Oito lutas. Esse é o tamanho do novo vínculo que Charles do Bronx acertou com o UFC, contrato suficiente para mantê-lo no octógono até completar 40 anos. A renovação foi confirmada pelo treinador Diego Lima em entrevista ao Ag. Fight e encerra qualquer especulação sobre aposentadoria precoce do peso-leve mais perigoso que o Brasil já produziu.

Uma negociação sem ruído

Em entrevista, Diego Lima foi direto sobre o processo:

UFC Perth: Fighter Faceoffs
"Renovamos o contrato por mais oito lutas. Então, a gente tem lutas até o Charles completar 40 anos. Para aqueles que achavam que ele iria se aposentar, esperem mais. Foi um contrato maravilhoso. Não tenho um 'a' para falar, foi uma negociação incrível."

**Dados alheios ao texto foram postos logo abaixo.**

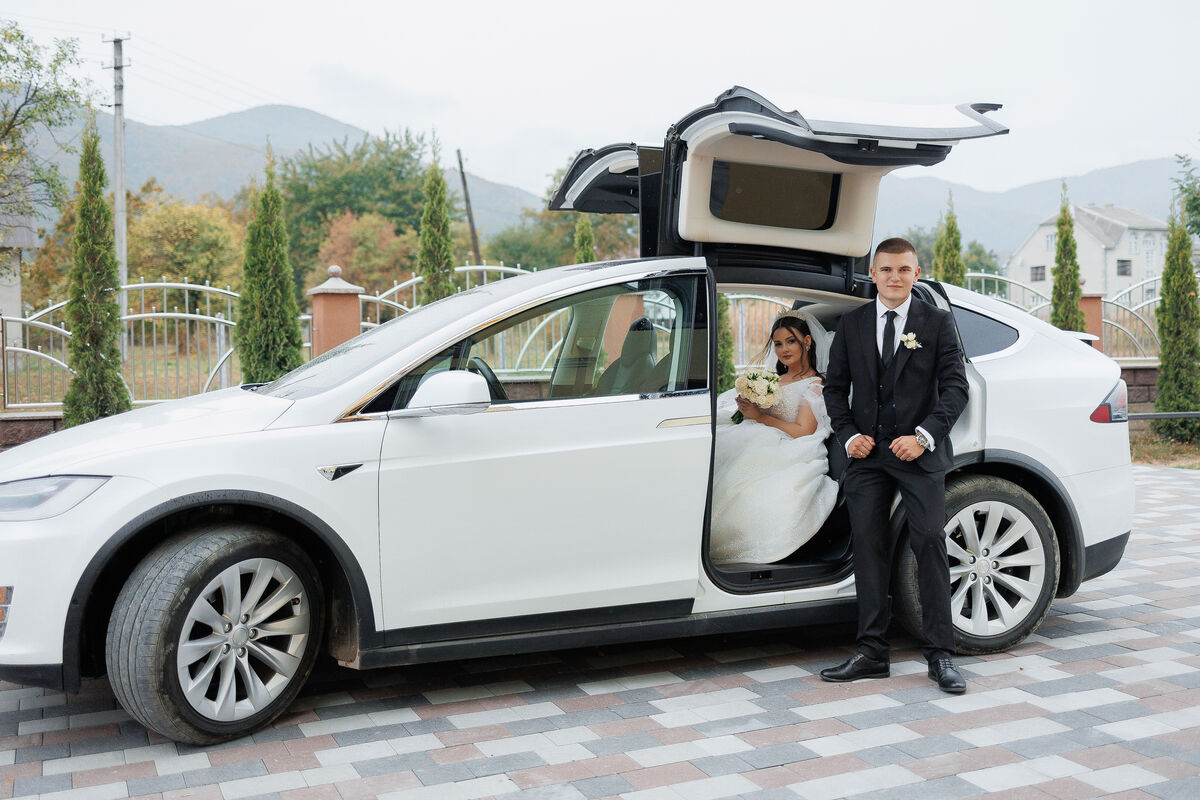 A wedding party arriving in a transfer vehicle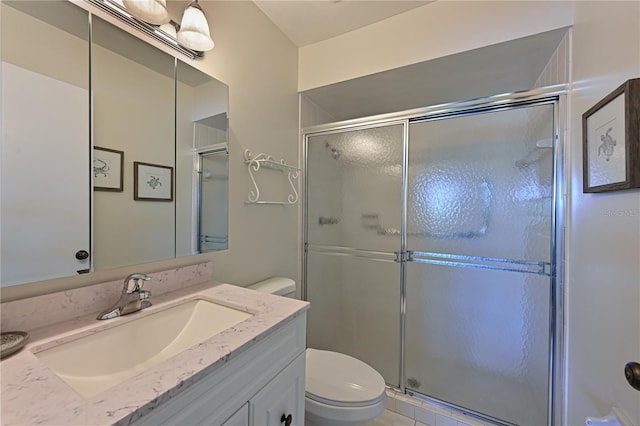 bathroom with vanity, an enclosed shower, and toilet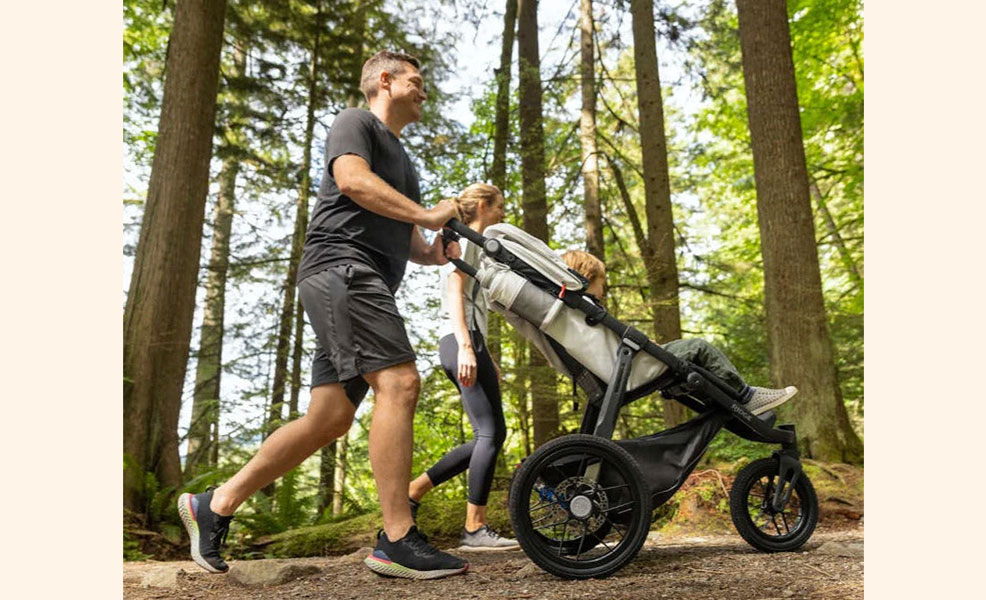 parents pushing all-terrain stroller while hiking in forest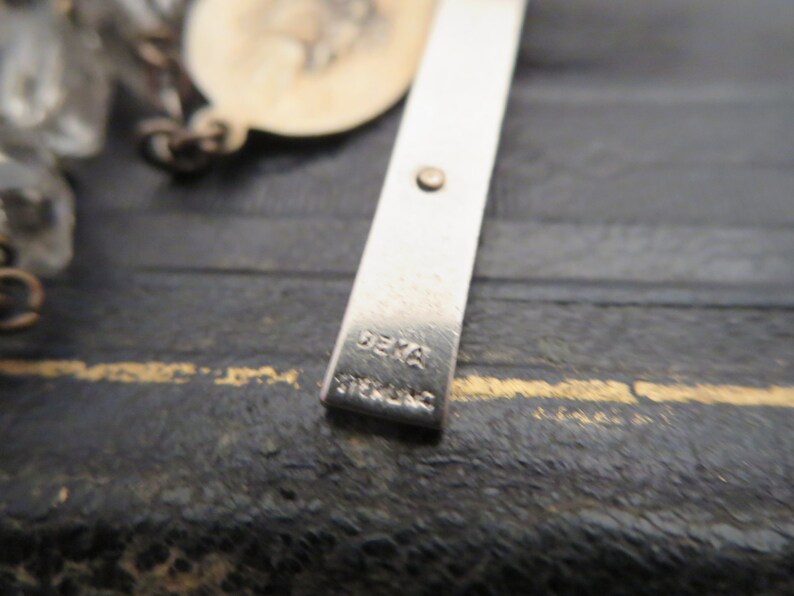 May include: Close-up of a silver cross with the word "DEKA" stamped on the back.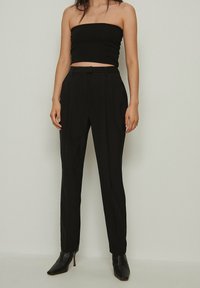 Black strapless top with ribbed texture paired with tailored black trousers. Trousers feature sharp pleats and are complemented by pointed black heels.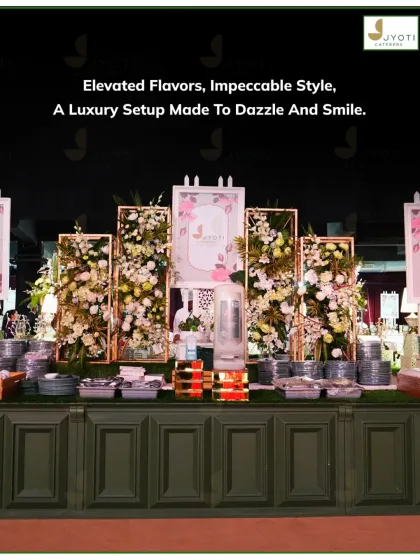 This luxury buffet setup combines modern elegance with classic floral beauty. The gold-trimmed frames and abundant white and pink flowers create a sophisticated focal point for the event.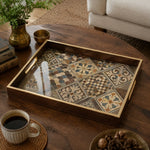 Moroccan Tile Decorative Tray with Dark Wood Frame and Gold Handles | Minti Home on a coffee table, featuring UV-printed artwork on tempered glass with an electroplated frame and matching handles.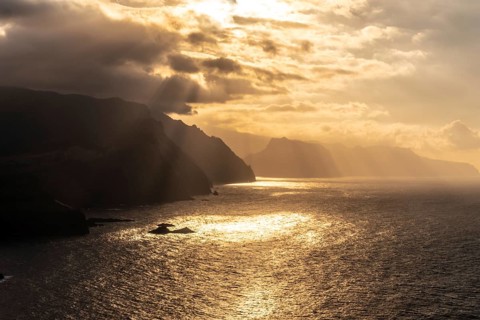 View from Ponta de Sao Lourenco of the cliffs of the island at sunset
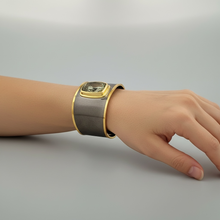 Luxury green amethyst cuff bangle crafted in black rhodium plated 925 sterling silver with thick 18K gold vermeil bezel. Elegant wide statement bracelet adjustable for 16–17 cm wrists.
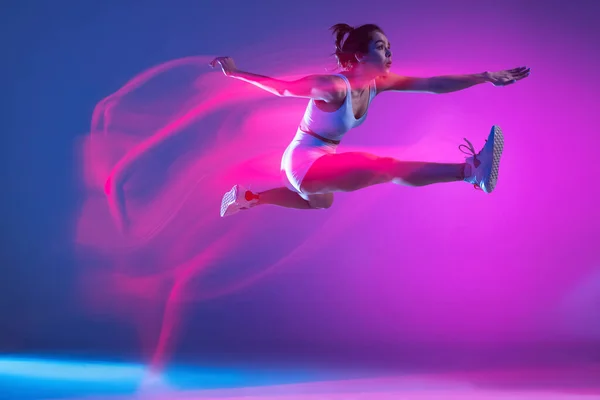 Профессиональная спортсменка, бегун тренировки изолированы на синем фоне студии в смешанном розовом неоновом свете. Здоровый образ жизни, спорт, движение и концепция действий. — стоковое фото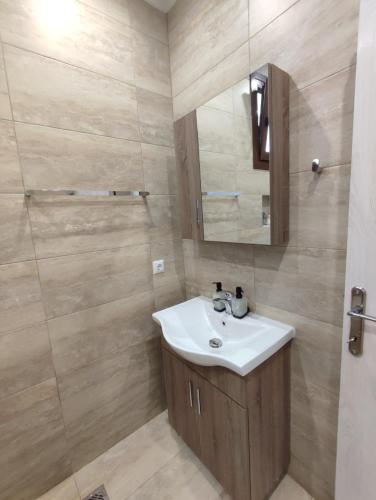 a bathroom with a sink and a mirror at Evita's House in Doxato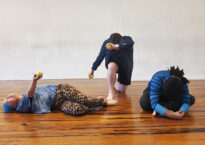 Three dancers are on a wood floor. One is laying down holding up a tennis ball. Another is kneeling and holding a tennis ball over their lowered head. A third is sitting cross legged and hunched over.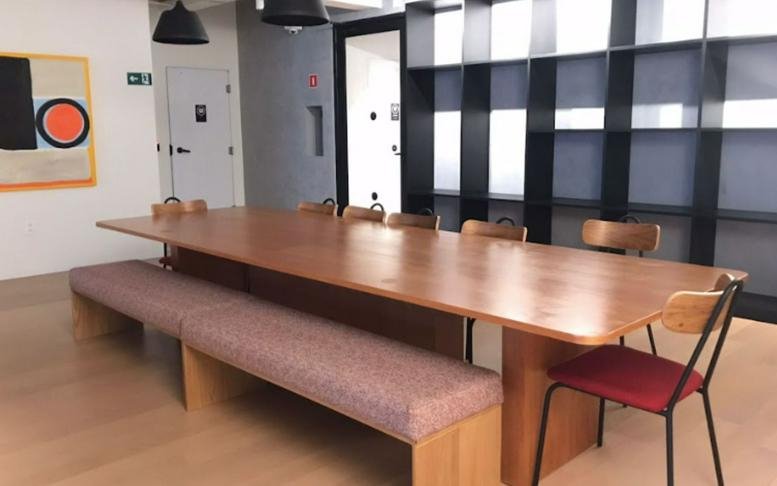 Bright dining area at Market Place featuring a long wooden table and bench seating.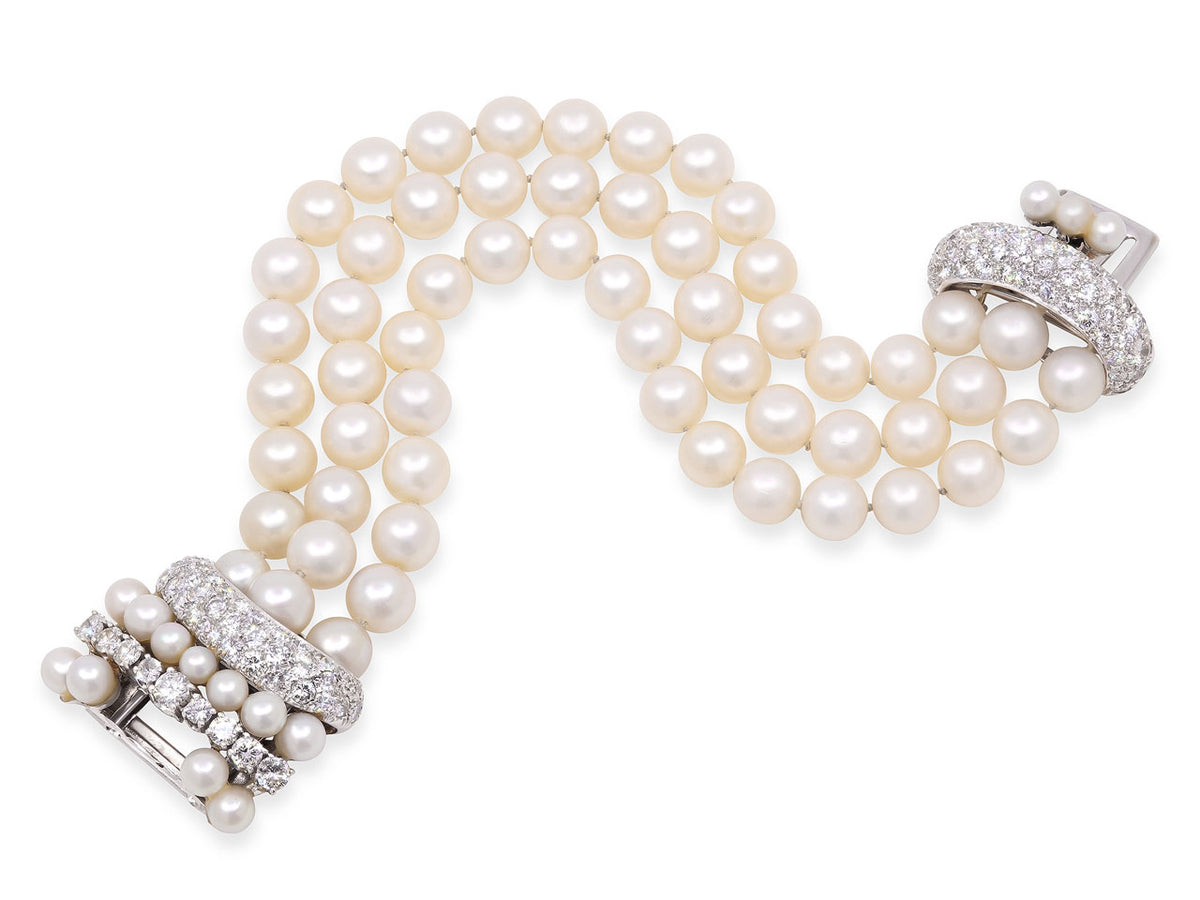 Three strand pearl bracelet with diamond pave clasps in white gold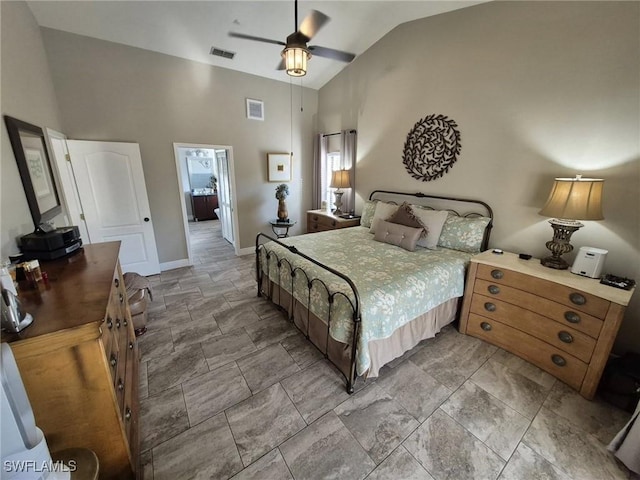 bedroom featuring ceiling fan and high vaulted ceiling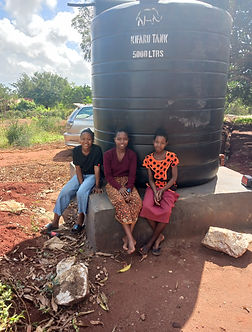 Girls waiting for water from the tank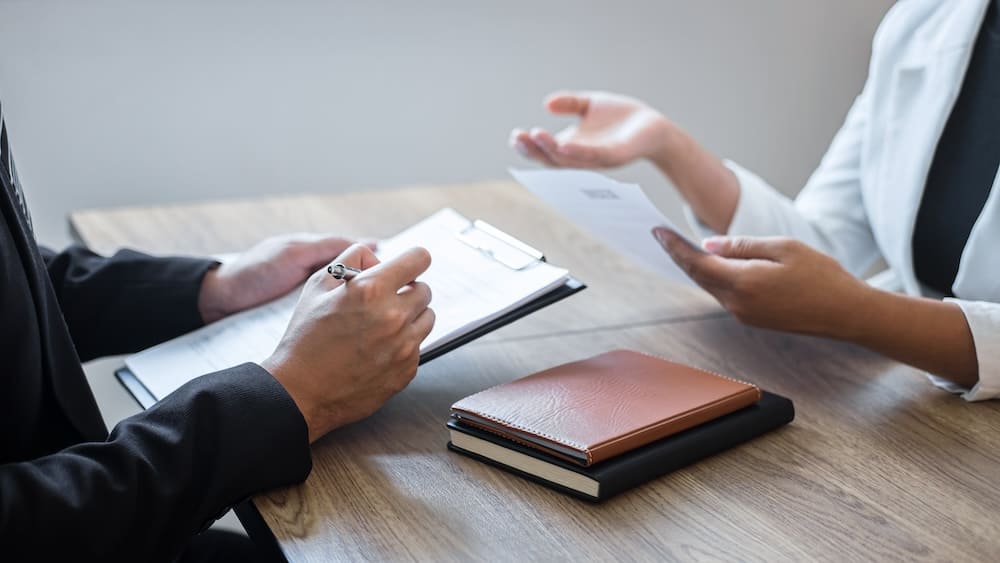 話をする男性と書類にメモを取る男性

Quando o próprio treinador afirma que não tem nada negativo a dizer sobre a negociação, o recado é claro: a relação entre Do Bronx e o UFC segue sólida, sem o clima de tensão contratual que costuma preceder saídas de atletas de grande porte. Isso importa porque um lutador com a cabeça tranquila performa diferente dentro da gaiola.

O contexto da renovação

A assinatura do novo contrato vem na sequência direta da vitória de Charles sobre Max Holloway no UFC 326, onde Do Bronx capturou o cinturão BMF. Foi uma performance dominante de um atleta que muitos haviam descartado depois de duas derrotas consecutivas para Islam Makhachev. A vitória sobre Holloway — que tem 182,9 cm de reach e é um dos strikers mais prolíficos da história da divisão — mostrou que o brasileiro mantém o chin, o jogo de submissão e o cardápio de finishing intactos.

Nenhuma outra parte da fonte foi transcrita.